Range to output from the entries below: the line containing "Handmade Crochet Shall" through the line containing "Acta constitutiva del". Set it down exactly, ends included, nothing else.

● **Provided data**:
-.-.-

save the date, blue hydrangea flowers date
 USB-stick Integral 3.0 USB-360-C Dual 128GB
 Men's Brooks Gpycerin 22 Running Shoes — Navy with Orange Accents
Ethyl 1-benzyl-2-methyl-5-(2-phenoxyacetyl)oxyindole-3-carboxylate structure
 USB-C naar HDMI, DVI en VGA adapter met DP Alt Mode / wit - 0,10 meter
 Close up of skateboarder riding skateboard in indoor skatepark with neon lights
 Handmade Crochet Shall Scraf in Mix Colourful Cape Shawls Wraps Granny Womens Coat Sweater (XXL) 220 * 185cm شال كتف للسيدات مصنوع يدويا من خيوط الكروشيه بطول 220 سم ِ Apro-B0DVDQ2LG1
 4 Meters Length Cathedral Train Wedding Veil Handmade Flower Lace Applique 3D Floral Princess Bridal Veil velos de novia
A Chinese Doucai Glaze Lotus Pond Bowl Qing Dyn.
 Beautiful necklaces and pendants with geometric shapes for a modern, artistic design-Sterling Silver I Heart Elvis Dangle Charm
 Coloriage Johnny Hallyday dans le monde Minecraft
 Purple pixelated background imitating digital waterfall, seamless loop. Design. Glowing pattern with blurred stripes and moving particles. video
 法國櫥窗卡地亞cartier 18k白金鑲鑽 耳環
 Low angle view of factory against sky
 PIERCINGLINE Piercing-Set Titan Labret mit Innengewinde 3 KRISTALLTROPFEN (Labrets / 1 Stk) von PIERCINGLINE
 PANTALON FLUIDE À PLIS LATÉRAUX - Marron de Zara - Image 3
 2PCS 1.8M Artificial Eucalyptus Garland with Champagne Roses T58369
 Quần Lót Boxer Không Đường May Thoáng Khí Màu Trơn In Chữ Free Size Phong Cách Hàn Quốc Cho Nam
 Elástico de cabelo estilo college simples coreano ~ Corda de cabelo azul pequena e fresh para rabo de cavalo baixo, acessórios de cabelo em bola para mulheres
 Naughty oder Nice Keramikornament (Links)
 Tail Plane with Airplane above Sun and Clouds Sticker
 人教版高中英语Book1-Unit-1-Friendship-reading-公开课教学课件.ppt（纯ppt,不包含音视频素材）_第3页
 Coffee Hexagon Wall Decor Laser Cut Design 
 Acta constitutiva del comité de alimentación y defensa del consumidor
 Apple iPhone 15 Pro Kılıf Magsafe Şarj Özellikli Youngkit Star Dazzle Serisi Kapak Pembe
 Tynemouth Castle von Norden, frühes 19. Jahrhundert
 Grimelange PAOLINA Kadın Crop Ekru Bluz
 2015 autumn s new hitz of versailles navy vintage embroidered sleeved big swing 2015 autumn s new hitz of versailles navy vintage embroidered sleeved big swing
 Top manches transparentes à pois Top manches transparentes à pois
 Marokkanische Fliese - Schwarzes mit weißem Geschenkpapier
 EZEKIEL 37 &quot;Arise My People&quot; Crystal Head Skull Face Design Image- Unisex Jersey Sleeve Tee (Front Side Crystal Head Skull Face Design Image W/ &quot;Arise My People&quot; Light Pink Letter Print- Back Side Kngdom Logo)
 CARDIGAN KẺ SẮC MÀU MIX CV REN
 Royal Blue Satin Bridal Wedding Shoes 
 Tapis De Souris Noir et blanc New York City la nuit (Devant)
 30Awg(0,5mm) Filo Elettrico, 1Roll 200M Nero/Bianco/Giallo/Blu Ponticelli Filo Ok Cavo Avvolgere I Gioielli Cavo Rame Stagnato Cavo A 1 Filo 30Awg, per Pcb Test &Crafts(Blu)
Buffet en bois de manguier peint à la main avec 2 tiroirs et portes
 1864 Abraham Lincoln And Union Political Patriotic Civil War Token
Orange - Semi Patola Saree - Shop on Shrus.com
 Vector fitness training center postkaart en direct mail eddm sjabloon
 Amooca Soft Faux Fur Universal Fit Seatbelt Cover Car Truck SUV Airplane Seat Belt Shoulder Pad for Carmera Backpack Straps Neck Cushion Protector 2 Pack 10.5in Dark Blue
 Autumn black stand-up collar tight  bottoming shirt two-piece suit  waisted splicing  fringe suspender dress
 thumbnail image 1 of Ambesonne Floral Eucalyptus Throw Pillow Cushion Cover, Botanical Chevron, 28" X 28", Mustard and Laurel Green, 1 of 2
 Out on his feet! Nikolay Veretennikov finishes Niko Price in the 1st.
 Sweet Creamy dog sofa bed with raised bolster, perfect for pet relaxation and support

-.-.-

● **Expected answer**:
 Handmade Crochet Shall Scraf in Mix Colourful Cape Shawls Wraps Granny Womens Coat Sweater (XXL) 220 * 185cm شال كتف للسيدات مصنوع يدويا من خيوط الكروشيه بطول 220 سم ِ Apro-B0DVDQ2LG1
 4 Meters Length Cathedral Train Wedding Veil Handmade Flower Lace Applique 3D Floral Princess Bridal Veil velos de novia
A Chinese Doucai Glaze Lotus Pond Bowl Qing Dyn.
 Beautiful necklaces and pendants with geometric shapes for a modern, artistic design-Sterling Silver I Heart Elvis Dangle Charm
 Coloriage Johnny Hallyday dans le monde Minecraft
 Purple pixelated background imitating digital waterfall, seamless loop. Design. Glowing pattern with blurred stripes and moving particles. video
 法國櫥窗卡地亞cartier 18k白金鑲鑽 耳環
 Low angle view of factory against sky
 PIERCINGLINE Piercing-Set Titan Labret mit Innengewinde 3 KRISTALLTROPFEN (Labrets / 1 Stk) von PIERCINGLINE
 PANTALON FLUIDE À PLIS LATÉRAUX - Marron de Zara - Image 3
 2PCS 1.8M Artificial Eucalyptus Garland with Champagne Roses T58369
 Quần Lót Boxer Không Đường May Thoáng Khí Màu Trơn In Chữ Free Size Phong Cách Hàn Quốc Cho Nam
 Elástico de cabelo estilo college simples coreano ~ Corda de cabelo azul pequena e fresh para rabo de cavalo baixo, acessórios de cabelo em bola para mulheres
 Naughty oder Nice Keramikornament (Links)
 Tail Plane with Airplane above Sun and Clouds Sticker
 人教版高中英语Book1-Unit-1-Friendship-reading-公开课教学课件.ppt（纯ppt,不包含音视频素材）_第3页
 Coffee Hexagon Wall Decor Laser Cut Design 
 Acta constitutiva del comité de alimentación y defensa del consumidor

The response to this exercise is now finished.